Python Forum

Full Version: I wan't to Download all .zip Files From A Website (Project AI)
You're currently viewing a stripped down version of our content. View the full version with proper formatting.
Pages: 1 2 3 4 5 6 7
Hi there,

I downloaded .zip Files, a while back, using a Python Code,which I was very kindly helped with by snippsat, and others on here. I would now like to download all the available Project AI .zip Files, from the www.flightsim.com Website.

I tried to adapt the original code, so it would download all the .zip Files from the www.flightsim.com Website. My Adapted code, won't download the Files unsurprisingly, but no errors either, the code when run does nothing. the Plane .zip Files are not in Plane Categories this time, there are 253 pages, with .zip Files on all 253 Pages about 2500 .zip Files altogether.

The search Id is not the same each time you do a search, the number changes, you simply choose the Category in the File Library, i.e. Project AI Files, and leave the search box blank, if you want to search for all the .zip Files :- Here is my adapted code :-

from bs4 import BeautifulSoup
import requests, zipfile, io, concurrent.futures

def download(number_id):
    a_zip = 'http://www.flightsim.com/vbfs/fslib.php?do=copyright&fid={}'.format(number_id)
    with open('{}.zip'.format(number_id), 'wb') as f:
        f.write(requests.get(a_zip).content)

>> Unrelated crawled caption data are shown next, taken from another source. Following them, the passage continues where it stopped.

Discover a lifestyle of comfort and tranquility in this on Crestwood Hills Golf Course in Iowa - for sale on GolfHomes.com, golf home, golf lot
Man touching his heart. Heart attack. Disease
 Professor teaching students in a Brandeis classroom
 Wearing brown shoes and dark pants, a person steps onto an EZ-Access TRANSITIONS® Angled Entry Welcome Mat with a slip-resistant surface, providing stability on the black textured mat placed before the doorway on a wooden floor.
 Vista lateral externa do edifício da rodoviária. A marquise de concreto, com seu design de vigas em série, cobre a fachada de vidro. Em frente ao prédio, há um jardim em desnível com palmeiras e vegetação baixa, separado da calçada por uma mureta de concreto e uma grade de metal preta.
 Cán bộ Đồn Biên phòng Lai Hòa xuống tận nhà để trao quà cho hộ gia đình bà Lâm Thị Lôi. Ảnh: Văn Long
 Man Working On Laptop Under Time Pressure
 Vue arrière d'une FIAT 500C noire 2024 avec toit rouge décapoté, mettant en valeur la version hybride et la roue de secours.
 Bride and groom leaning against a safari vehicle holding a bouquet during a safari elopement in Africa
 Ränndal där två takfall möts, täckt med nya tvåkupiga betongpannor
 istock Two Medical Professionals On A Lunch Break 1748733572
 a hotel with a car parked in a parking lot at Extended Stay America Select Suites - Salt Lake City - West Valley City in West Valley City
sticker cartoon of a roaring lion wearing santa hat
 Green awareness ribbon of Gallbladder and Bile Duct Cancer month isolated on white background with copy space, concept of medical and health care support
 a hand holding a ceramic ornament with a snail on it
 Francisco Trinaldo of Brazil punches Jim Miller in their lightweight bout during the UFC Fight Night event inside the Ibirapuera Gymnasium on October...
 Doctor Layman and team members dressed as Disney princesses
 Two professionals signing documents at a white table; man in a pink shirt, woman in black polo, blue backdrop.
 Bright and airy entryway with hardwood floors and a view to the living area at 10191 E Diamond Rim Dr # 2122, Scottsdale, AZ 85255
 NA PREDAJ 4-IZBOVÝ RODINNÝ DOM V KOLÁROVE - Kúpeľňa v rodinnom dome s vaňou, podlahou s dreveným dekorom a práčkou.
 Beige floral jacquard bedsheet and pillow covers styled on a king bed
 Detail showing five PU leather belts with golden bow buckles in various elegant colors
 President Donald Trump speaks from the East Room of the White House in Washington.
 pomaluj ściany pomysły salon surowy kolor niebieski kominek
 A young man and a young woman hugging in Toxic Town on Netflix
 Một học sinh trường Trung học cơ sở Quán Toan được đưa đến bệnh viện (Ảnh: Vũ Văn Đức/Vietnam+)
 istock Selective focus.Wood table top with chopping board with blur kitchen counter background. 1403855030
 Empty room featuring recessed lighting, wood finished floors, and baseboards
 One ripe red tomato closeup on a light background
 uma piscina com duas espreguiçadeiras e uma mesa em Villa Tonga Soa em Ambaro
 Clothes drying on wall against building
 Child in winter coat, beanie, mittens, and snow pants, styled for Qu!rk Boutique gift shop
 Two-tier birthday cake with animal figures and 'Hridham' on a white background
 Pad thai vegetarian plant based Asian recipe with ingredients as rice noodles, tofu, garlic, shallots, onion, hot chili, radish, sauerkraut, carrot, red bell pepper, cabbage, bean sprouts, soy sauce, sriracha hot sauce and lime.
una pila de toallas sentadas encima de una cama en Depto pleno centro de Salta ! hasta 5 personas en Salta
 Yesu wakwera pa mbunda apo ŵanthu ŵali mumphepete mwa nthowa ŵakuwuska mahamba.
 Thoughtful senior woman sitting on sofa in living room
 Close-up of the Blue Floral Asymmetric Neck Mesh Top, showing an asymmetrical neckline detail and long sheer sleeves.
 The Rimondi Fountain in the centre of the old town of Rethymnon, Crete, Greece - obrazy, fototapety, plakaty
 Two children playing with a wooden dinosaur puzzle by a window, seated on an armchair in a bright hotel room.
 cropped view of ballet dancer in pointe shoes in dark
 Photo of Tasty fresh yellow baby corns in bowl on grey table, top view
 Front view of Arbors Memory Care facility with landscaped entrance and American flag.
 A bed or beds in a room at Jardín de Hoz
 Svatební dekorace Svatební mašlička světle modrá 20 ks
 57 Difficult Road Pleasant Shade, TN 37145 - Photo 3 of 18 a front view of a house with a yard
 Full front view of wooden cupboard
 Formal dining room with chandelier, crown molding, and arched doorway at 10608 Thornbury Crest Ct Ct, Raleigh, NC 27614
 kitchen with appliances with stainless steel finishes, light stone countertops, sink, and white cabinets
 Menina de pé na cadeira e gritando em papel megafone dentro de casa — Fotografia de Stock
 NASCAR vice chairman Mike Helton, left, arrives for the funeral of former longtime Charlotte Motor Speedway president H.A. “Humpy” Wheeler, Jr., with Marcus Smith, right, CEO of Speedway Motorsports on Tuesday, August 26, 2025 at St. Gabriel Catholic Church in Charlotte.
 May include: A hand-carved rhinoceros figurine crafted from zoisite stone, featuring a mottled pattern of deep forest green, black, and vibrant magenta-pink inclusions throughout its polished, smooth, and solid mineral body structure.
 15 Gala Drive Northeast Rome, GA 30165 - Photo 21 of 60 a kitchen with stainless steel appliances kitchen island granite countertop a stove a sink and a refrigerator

if __name__ == '__main__':
    file_id = list(range(1,50))
    with concurrent.futures.ProcessPoolExecutor(max_workers=10) as executor:
        for number_id in file_id:
            executor.submit(download, number_id)

def get_zips(zips_page):
    # print(zips_page)
    zips_source = requests.get(zips_page).text
    zip_soup = BeautifulSoup(zips_source, "html.parser")
    for zip_file in zip_soup.select("a[href*=fslib.php?searchid=65822324&page=]"):
        zip_url = link_root + zip_file['href']
        print('downloading', zip_file.text, '...',)
        r = requests.get(zip_url)
        with open(zip_file.text, 'wb') as zipFile:
            zipFile.write(r.content)


def download_links(root, page):        
    url = ''.join([root, page])      
    source_code = requests.get(url)
    plain_text = source_code.text
    soup = BeautifulSoup(plain_text, "html.parser")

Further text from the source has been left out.